During 29 May the Argentine patrol radio operator, after trying all morning, managed to get a message through to 10th Brigade HQ, that there was an air corridor to and from San Carlos to Mount Kent before contact was immediately lost and never re-established.
Embarked in a Sea King HC4 of 846 Naval Air Squadron, attached to the Royal Marines, the Arctic Warfare Cadre team was loaded with sufficient supplies and ammunition for a week in the field. The overloaded helicopter took off on a 45 km flight, depositing the team in the area to allow disembarkation for the short transit to the target. A seven-man fire support team moved off to the left to take up a position on a hillock 150m away from Top Malo House to provide supporting fire to the twelve-man assault group led by Boswell.
There was a significant risk of compromise as the team was wearing dark uniforms against the snow, leading to the likelihood of visual detection by sentries. Unknown to the British, the Argentines heard the helicopters flying and accelerated actions to take their equipment and leave the house.
Two hours after dawn Boswell ordered his men to fix bayonets and commenced the engagement by firing a green flare.
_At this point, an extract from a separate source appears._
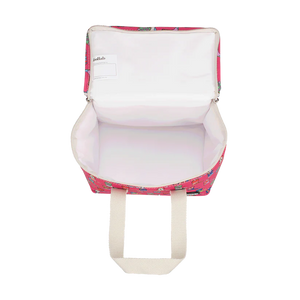 Lunch Box Boot Scootin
At around the same time Lieutenant Horacio Losito, who was second in command of the Argentine patrol, says that Lieutenant Espinosa (who was standing sentry) raised the alarm and opened fire on the assaulting British troops allowing the Argentines withdraw from the house.
The British fire support group fired six M72 LAW 66mm light anti-armour rockets. As the rockets hit the house it burst into flames and ammunition stacked inside exploded. Boswell and his group charged forward, halted, fired two more rockets, and then charged again. The Argentines ran from the house to a nearby stream bed about 200 m away, firing as they ran. Lieutenant Espinosa on the top floor was killed by a 66mm rocket while Sergeant Mateo Sbert was shot dead as he gave covering fire for the remaining Argentines as they exited the single door. Two British attackers, a sergeant and a corporal, were wounded.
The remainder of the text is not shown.